Anlaşıldığı üzere roman yazarın diğer eserleri gibi seyahat rehberi olarak da kullanılabilir. Bazı yerlerde o kadar tasvir ve bilgi bombardımanı var ki olay neydi niye koşturuyorlardı unutuyor insan. Bu birinci eksi. İkinci eksi tüm hengamenin yanılmıyorsam 3 gün içinde gerçekleşmesi. Üstelik oradan oraya koşturmalarının çok da bir anlamı olmuyor zira gittikleri yerler genelde baştan beri ellerinde olan ipucunu doğrulamaktan başka bir işe yaramıyor. Langdon'ın ancak yerinde görünce devreye giren görsel hafızasının ceremesini okuyucular çekiyor yani. Ayrıca Dante'nin değiştirilmiş mısralarında adeta kafaya kakılan Ayasofya vurgusuna rağmen Türk okuyucular spiral metni ilk gördükleri andan hatta ondan da önce arka kapağı okudukları andan itibaren Yerebatan Sarayı'nı tespit edebilirler. Bu da bir yerden sonra ee hadi bulun da gelin artık duygusu yaratıyor. Bunların hepsi bir yere kadar tolere edilebilir tabii. Ancak, romanın en büyük eksisi sonunda hiçbir şeyi engelleyememiş olmaları ve dünyanın sonunu getirecek derecede düşman olarak belletilen adamın neredeyse haklı çıkarılması oldu. İşte bu gerçekten hayalkırıklığı yaratıyor.
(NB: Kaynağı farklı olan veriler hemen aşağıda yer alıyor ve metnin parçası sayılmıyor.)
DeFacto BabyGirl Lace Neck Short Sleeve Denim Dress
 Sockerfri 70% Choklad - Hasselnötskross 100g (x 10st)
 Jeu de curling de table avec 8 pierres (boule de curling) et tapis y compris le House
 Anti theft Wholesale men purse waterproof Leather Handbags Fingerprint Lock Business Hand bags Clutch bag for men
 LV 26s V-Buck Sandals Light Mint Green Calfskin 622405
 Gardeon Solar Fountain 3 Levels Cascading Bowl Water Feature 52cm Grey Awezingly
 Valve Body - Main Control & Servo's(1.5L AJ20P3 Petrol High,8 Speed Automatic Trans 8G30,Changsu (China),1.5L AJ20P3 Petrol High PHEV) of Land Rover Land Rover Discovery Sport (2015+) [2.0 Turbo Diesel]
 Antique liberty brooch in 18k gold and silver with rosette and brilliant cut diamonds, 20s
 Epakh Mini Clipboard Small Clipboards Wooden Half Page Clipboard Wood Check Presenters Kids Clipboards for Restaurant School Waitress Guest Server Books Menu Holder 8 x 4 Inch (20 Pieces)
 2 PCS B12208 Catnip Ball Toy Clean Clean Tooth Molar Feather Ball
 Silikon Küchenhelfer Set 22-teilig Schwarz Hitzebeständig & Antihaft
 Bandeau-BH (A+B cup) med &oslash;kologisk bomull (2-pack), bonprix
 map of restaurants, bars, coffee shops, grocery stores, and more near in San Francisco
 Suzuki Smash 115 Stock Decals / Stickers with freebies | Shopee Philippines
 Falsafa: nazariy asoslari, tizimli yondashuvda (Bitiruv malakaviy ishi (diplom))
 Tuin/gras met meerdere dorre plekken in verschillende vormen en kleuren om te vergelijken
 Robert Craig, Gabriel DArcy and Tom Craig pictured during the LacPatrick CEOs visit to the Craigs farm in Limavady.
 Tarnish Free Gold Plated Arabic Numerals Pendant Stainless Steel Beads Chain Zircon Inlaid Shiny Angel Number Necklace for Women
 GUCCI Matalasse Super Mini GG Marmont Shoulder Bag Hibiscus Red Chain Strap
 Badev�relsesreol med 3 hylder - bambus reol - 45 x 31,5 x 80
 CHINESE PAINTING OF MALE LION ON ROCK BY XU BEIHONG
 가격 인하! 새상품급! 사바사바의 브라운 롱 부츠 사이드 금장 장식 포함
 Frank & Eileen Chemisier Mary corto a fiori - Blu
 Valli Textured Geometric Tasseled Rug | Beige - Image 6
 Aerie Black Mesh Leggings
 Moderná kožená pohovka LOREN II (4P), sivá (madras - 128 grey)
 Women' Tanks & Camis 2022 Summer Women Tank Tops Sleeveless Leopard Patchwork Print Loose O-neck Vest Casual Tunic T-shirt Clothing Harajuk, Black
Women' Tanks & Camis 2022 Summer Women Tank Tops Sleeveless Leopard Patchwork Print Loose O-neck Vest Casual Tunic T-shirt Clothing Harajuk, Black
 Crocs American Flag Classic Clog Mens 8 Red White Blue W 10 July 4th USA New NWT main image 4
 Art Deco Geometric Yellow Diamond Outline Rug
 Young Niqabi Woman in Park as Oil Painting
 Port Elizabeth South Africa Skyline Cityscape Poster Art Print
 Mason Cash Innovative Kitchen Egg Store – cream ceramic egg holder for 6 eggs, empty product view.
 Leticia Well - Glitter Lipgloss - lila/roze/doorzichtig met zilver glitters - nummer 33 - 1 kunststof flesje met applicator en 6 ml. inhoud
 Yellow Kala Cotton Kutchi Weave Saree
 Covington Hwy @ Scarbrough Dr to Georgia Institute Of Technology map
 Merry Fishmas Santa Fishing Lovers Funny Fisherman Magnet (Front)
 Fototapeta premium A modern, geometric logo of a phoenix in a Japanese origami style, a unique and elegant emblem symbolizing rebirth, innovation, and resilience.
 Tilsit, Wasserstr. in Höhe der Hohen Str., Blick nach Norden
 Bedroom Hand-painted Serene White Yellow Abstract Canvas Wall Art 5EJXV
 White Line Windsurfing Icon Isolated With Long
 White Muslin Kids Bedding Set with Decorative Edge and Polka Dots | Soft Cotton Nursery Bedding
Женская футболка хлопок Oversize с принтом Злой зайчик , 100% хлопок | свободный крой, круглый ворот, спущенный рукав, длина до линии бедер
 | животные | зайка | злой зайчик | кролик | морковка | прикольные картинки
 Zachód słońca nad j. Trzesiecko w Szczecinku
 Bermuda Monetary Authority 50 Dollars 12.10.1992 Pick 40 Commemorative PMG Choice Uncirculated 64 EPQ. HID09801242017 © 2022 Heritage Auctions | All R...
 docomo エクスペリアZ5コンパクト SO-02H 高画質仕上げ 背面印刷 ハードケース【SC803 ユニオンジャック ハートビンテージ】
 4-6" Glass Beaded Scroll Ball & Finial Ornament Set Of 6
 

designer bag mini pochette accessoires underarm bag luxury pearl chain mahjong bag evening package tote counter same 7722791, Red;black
Bu olumsuzlukların dışında akıcılıkta ve sonu hüsran olsa da merak unsurunda bir sorun yok. Dolayısıyla bunların hatırına ve biraz da Kayıp Sembol'de Kartal Cezaevi ile anılan İstanbul'a şanına yakışır bir curcunayla dönüş yapılmasından ötürü kayırarak, yazarın eserleri arasında 4. sıraya koyuyorum.
Tipik bir Robert Langdon hikayesi olduğunu söyleyebilirim. Brown yine okurlarını sanat tarihiyle süslü bir macera romanına götürüyor. Kısa sürede büyük bir zevkle okudum bu eseri. Sıradaki kitabını merakla bekliyorum.
Tarihi dekor içinde sürekli kovalamaca. Heyecan dozu yüksek okunası kitaplardan.
dan brown ın diğer kitapları gibi bu da müthiş. surukleyici. kesinlikle tavsiye ediyorum.
Sürekli şok yaşayıp kime güvenecek bu Robert Longdon diyerek soluksuz okuduğum bir kitap. Dan Brown en beğendiğim yazarların içinde
beğendim fakat diğer langdon maceraları kadar heyecan yaratmadı diğerlerinin yanında biraz sönük kaldı gibi
Son zamanlarda okuduğum en iyi kitap diyebilirim. Çok akıcı bir anlatıma ve merak uyandıran bir kurguya sahip. Anlatılan yerleri, sanat eserlerini gördüyseniz daha da fazla keyif alabilirsiniz.
kitabı bitirip kapattığımda bu kitap gerçek dedim...Bence o virüs atıldı..sürükleyici tv izlemenize gerek kalmıyor...
Gereksiz gizemler yerleştirilmiş. Langdon ve arkadaşlarının fikirlerini açıkça paylaştıklarını göremiyorsunuz. Normal hayatta görmeyeceğiniz gizemli konuşmalar, yer ve kişi ismini gizlemeler mevcut. Birkaç sayfa sonrasında öğreniyorsun zaten ancak zorlayıcı gizem beni sıktı açıkçası. Bu da diğer kitaplarındaki sürükleyicilikten yoksun bıraktı kitabı. Yine de kısa sürede okuyup bitirdim ama bunun nedeni Türkiye' de geçen kısmını merak etmemden de kaynaklandı.